DATA:
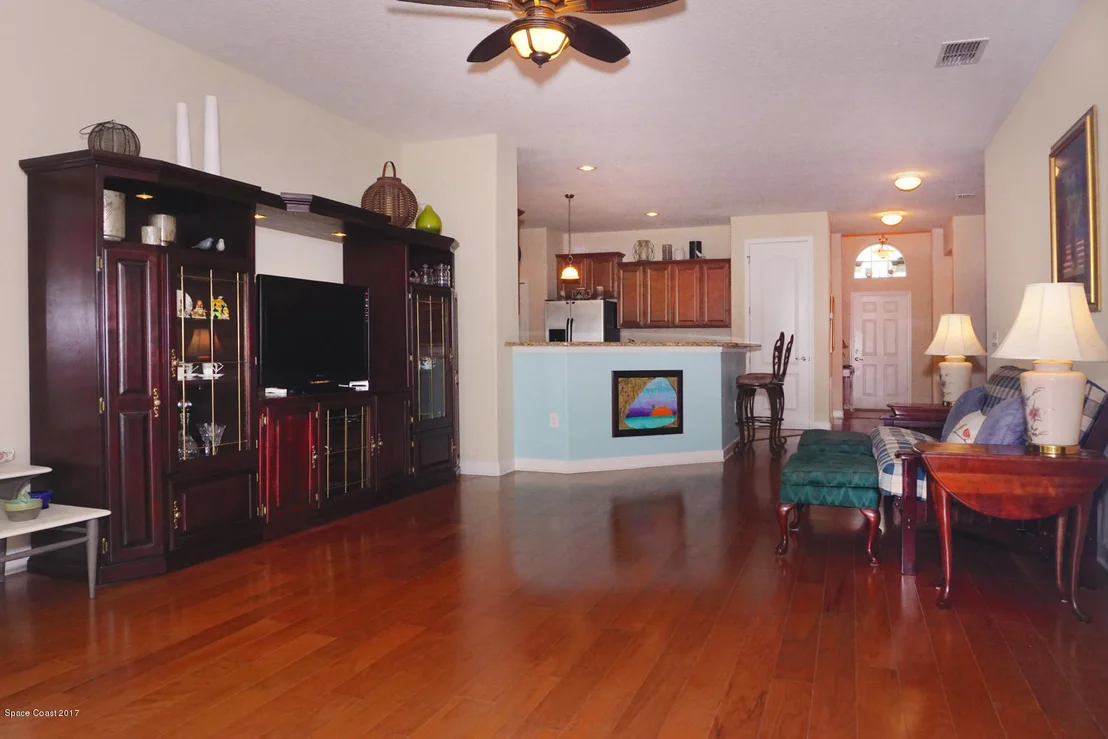 Photo of 6122 Goleta Circle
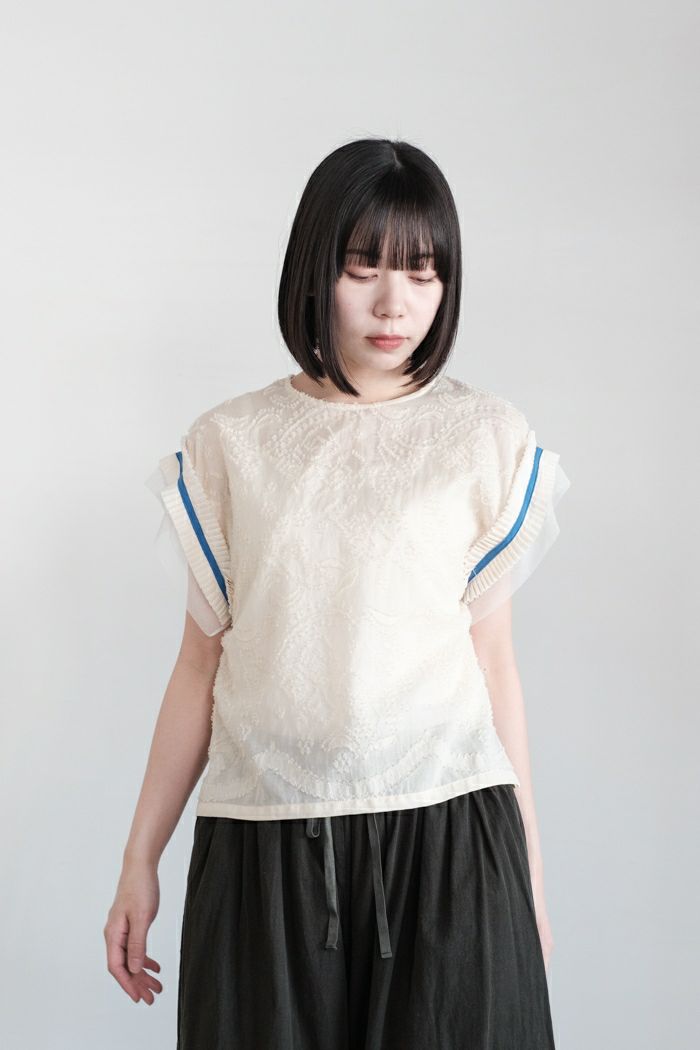 NATIVE VILLAGE ネイティブヴィレッジ <br> No.011：Shine bright フレンチスリーブブラウス(25SS)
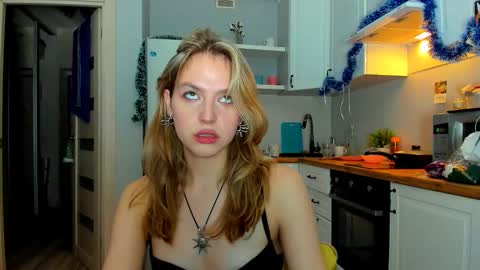 Veronica online show from January 3, 2025, 7:18 pm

EXERCISE INSTRUCTIONS: The answer is the whole listing retyped exactly, with pictures omitted.

EXERCISE RESULT:
 Photo of 6122 Goleta Circle
 NATIVE VILLAGE ネイティブヴィレッジ <br> No.011：Shine bright フレンチスリーブブラウス(25SS)
 Veronica online show from January 3, 2025, 7:18 pm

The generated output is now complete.